If you have a device for which no decryption keys are known and listed in BooxKeys.csv you can help by supplying them. You can start an Issue, but you'll still need to supply some information for someone else to extract the decryption keys. You may be able to find the decryption keys yourself. As the way these decryption keys are stored has changed over time you may have to use different approaches.
First you have to determine what the actual model of your device is called.
Yes, you know what you think is the model, but the actual model name usually does not have any spaces in it and may often have a surprising suffix.
ADB is a common and necessary tool for many operations on Android.
If you are not familiar with it, just Google "minimal ADB".
The simple command in an ADB shell getprop ro.product.model
will tell you the real model name.
You can also check the fingerprints with getprop | grep finger
.
This was the oldest approach.
The app responsible for decrypting updates was usually in /system/priv-app/OnyxOtaService/OnyxOtaService.apk
You can download this app by adb pull /system/priv-app/OnyxOtaService/OnyxOtaService.apk
.
Now you will have to disassemble the app using Apktool.
If this is beyond your pay grade, just start an issue and post the apk.
The strings that we are looking for are stored in res/values/strings.xml in the disassembled app.
<string name="settings">j857wYAQcWZgvIEQ/tcQqzxreUJgFHwJl6D2TN9BuSkQ</string>
<string name="upgrade">+soGw/YVdGIRJiAs5SMmv1ihW37H1Fa9+/1w2Vgt14Ag</string>
As these are the "old style" strings they need to be converted to "new style" strings.

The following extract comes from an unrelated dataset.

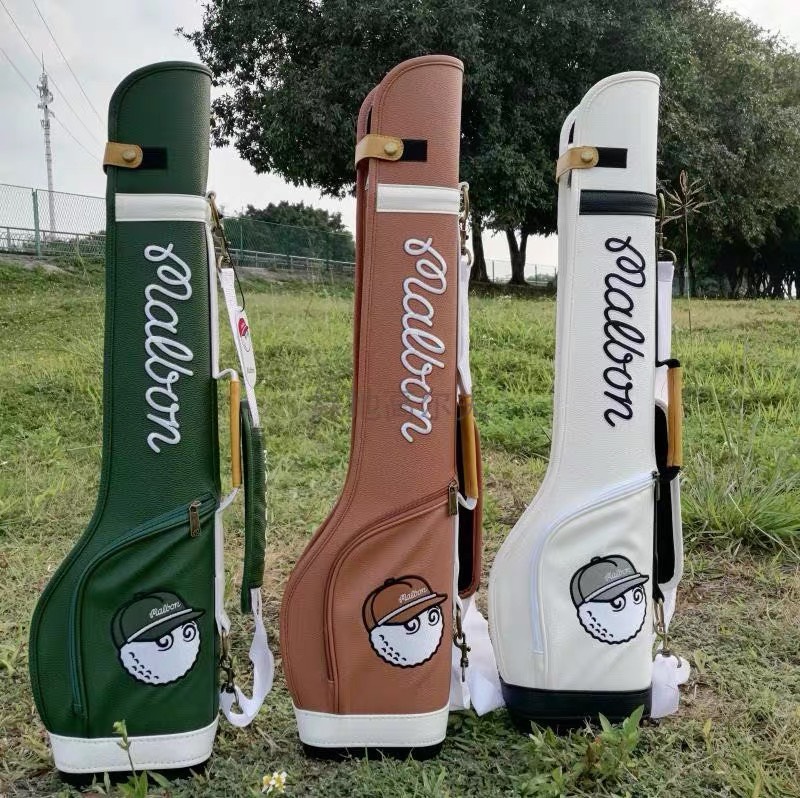 Túi gậy golf mini da PU chống thấm nước nhỏ gọn tiện lợi di chuyển TM018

You can use BooxKeyConverter.py or, as always, just post an issue.
This is the newer approach and may have variants now and in the future.
You can easily see if this might be the case by the presence of a library file named libota_jni.so
.
You can download this library by adb pull /system/lib64/libota_jni.so
(for 64 bit) or adb pull /system/lib/libota_jni.so
(for 32 bit).
As before, you can just start an issue and post this file if that's your limit as it gets a bit more complicated now.
The decryption keys may be extracted by calling JNI methods in libota_jni.so. The two JNI methods are:
Java_com_onyx_android_onyxotaservice_RsaUtil_nativeGetSecretKey
Java_com_onyx_android_onyxotaservice_RsaUtil_nativeGetIvParameter
The Android application GetBooxUpxKeysApp or the emulator utility ota_jni.py can extract the decryption keys. If the extracted decryption keys are old style you can use BooxKeyConverter.py to convert them to new style.
The new style decryption keys may be extracted by calling C++ functions in libota_jni.so
.
The two exported functions are:
getKeyString(void) _Z12getKeyStringv
getInitVectorString(void) _Z19getInitVectorStringv
There is not yet a released utility to extract the decryption keys.
There may not be any methods or functions to directly access the encryption keys. Please post your libota_jni.so and we will see what we can do.